## Exercise
Please write out the listing beneath this sentence exactly, from its first line to the line with "Orange plastic lunch", and stop there.

## Dataset records
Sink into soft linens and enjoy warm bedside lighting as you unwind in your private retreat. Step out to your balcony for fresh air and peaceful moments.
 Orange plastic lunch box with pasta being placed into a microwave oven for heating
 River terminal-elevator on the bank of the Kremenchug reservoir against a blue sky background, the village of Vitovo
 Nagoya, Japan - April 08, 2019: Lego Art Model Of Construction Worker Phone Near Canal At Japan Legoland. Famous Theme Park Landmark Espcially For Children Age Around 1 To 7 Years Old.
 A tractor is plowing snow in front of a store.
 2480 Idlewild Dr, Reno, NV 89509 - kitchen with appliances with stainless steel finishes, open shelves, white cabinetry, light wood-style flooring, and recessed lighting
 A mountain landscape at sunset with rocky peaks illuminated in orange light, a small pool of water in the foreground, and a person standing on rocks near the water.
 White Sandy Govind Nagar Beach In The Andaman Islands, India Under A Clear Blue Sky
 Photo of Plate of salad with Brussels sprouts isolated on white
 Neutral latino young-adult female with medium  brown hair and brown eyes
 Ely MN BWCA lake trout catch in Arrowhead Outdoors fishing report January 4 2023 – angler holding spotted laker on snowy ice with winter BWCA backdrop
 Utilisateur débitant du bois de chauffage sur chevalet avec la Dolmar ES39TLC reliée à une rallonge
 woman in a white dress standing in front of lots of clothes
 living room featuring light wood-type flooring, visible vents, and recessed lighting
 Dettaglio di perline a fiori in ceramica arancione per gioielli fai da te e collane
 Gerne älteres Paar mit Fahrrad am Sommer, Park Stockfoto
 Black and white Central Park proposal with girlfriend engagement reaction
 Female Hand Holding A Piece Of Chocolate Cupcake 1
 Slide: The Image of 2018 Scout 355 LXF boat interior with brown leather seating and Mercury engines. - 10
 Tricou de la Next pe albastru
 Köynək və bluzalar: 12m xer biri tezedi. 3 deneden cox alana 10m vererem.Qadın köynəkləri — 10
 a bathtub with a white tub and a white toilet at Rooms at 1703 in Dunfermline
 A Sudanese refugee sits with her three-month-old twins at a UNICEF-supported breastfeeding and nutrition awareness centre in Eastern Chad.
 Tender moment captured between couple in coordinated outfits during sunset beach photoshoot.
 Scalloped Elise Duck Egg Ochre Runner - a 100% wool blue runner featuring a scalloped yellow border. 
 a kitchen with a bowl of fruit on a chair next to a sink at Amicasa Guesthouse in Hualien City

## Task solution
Sink into soft linens and enjoy warm bedside lighting as you unwind in your private retreat. Step out to your balcony for fresh air and peaceful moments.
 Orange plastic lunch box with pasta being placed into a microwave oven for heating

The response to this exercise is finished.